Franz ayant trop de boulot, il m'a passé le relais. Cela m'enthousiasme et le 4e album devrait paraître à la fin de l'année. Cette série m'emmène dans un univers plus violent, plus dur, qui m'apporte la variété indispensable pour ne pas m'encroûter. Je suis un scénariste débutant sur cette série comme sur "Génération Collège". C'est un chouette défi! Jusque-là je m'impliquais épisodiquement dans certains scénari de Duchâteau pour "Al & Brock" mais il restait maître de l'histoire, dans son développement, son intrigue et ses dialogues. Maintenant je prends le tout à ma charge : c'est passionnant, quoiqu'un peu stressant ! Mais je crois avoir attrapé le virus et j'adore ça. J'aimerais beaucoup faire mes preuves comme scénariste, j'ai envie de raconter tellement de choses...

Vous regrettez d'avoir abordé la BD par le dessin ?

Absolument pas. J'ai toujours eu envie de raconter des histoires, mais je ne me sentais pas mûr.
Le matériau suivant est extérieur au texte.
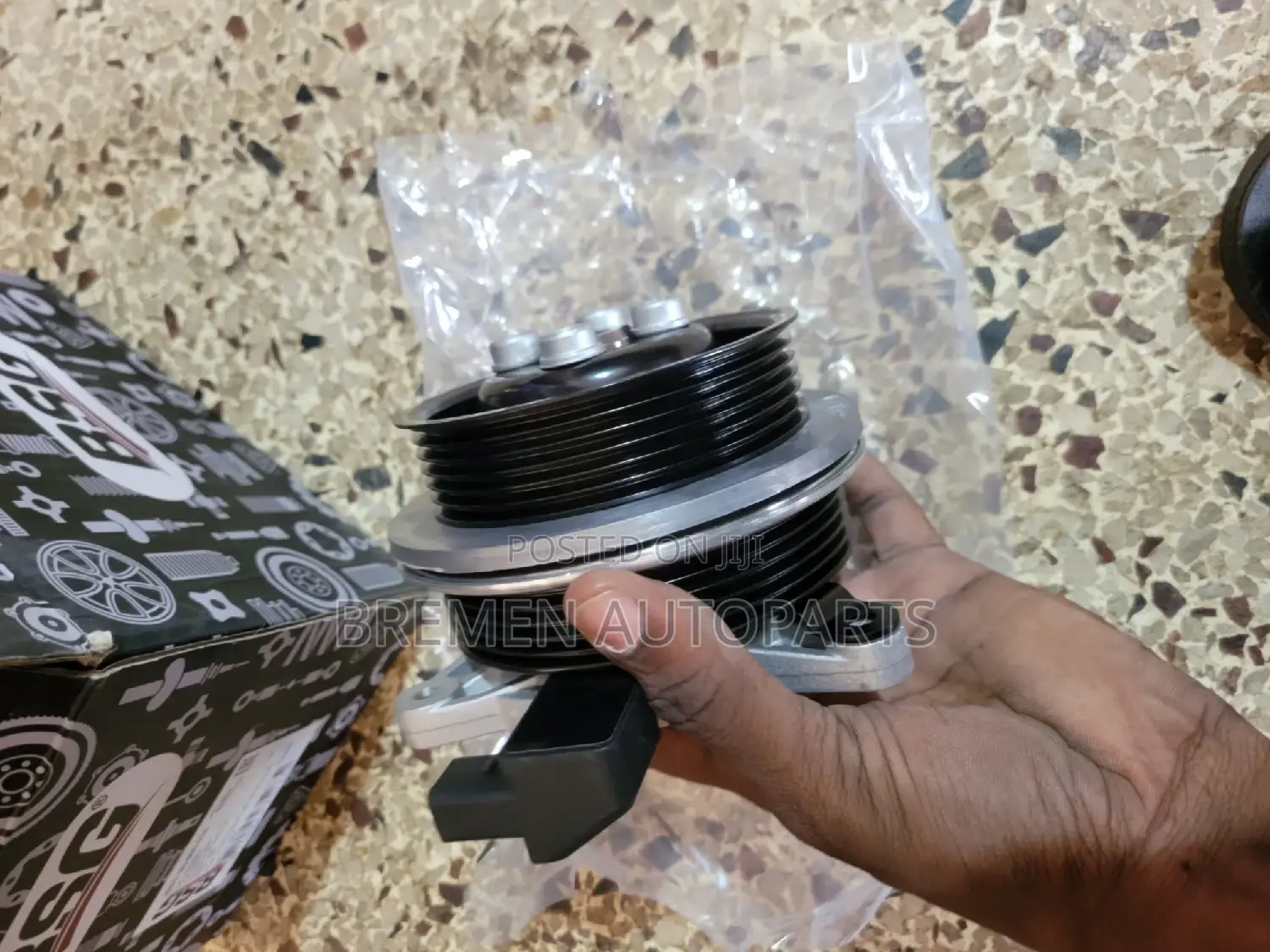 Water Pump Golf 5, Golf 6 Tiguan Tsi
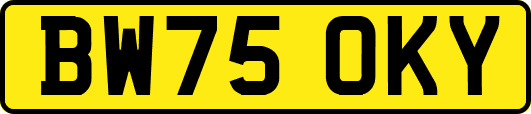BW75OKY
J'ai lu pas mal de bouquins sur la technique du scénario (notamment de Michel Chion ou Francis Vanoye), épluché un tas de scénarii divers et maintenant, j'essaie d'acquérir mon propre style, mon propre univers. Avant je n'étais que le "photographe" et c'est très frustrant. Etre scénariste et dessinateur, c'est le sommet. Je laisse encore à l'imprimeur le soin d'imprimer mes bouquins... et il le fait très bien.

Où en est votre projet avec Jacques Martin ?
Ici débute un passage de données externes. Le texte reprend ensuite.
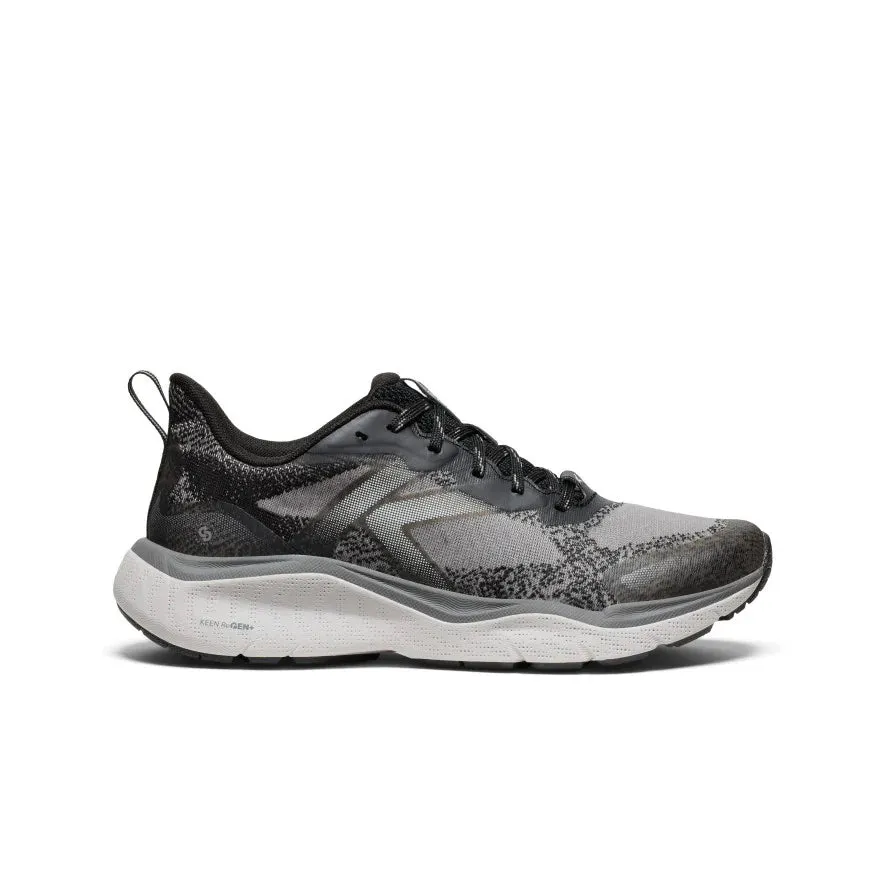 Chaussures Keen Femme Leiki Speed Noir/Gris Acier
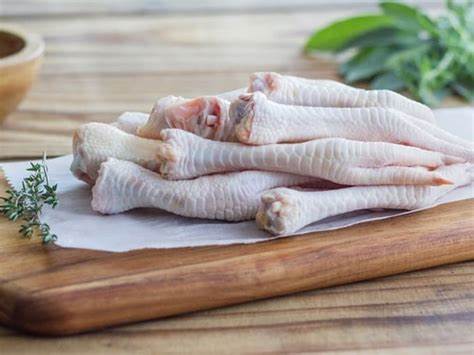 1LB Chicken Feet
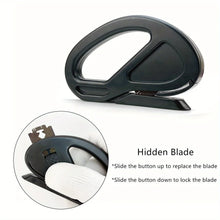 Easy-Glide Wrapping Paper Cutter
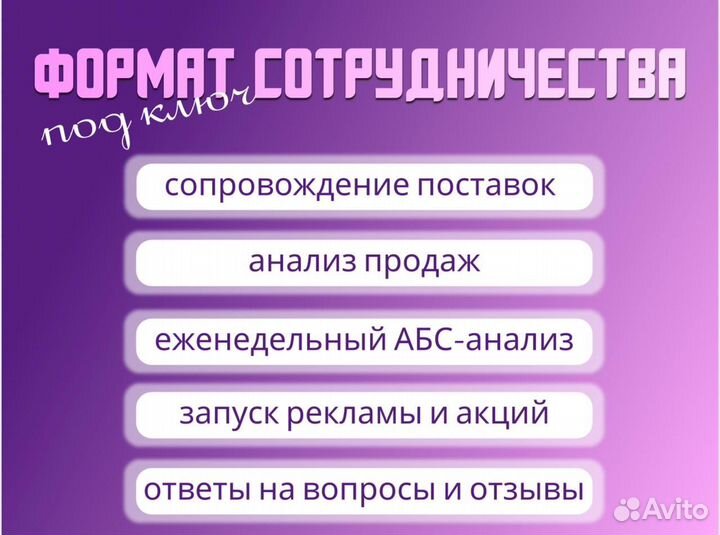 Бизнес на wildberries/ozon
Nous avons commencé un travail ensemble sur la marine antique qui ne se poursuivra pas. Entre-temps j'avais commencé "Génération Collège" et cette série m'accapare trop. J'ai été obligé de déclarer forfait avec Jacques Martin. C'était une expérience qui m'intéressait beaucoup et je le regrette. C'est un grand bonhomme qui  a apporté quelque chose de fantastique à la BD, ce côté historique avec la crédibilité qu'on lui connaît. Travailler avec un tel monument est très valorisant.

A propos de documentation, vous regardez les feuilletons TV américains ?
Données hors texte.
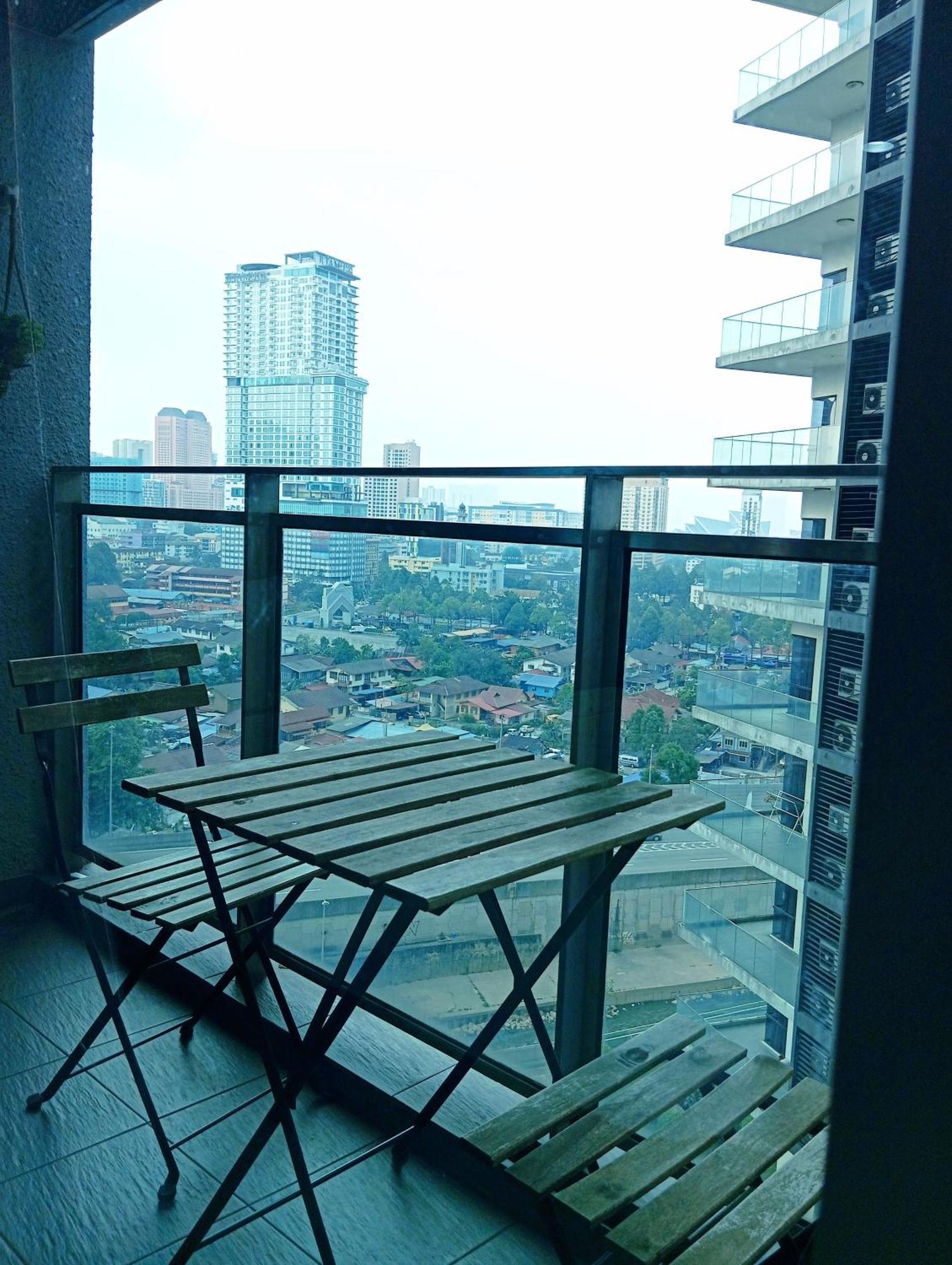 The Summer Suites At Kualalumpur Kuala Lumpur Esterno foto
Pas trop. J'ai vu quelques épisodes de "Beverly Hills" ou " 21 Jump Street" mais je ne veux pas en être trop imprégné afin de n'être pas tenté de les recopier en BD. Et si l'on peut trouver un certain parallélisme, c'est le sujet qui veut ça. Je prends mes renseignements à la source, c'est-à-dire auprès de ma fille et de ses copains. Je leur fais lire mes histoires et ils me font leurs critiques.

Vous faites la sortie des écoles, en quelque sorte...

En quelque sorte ...mais je n'ai pas de bonbons dans les poches.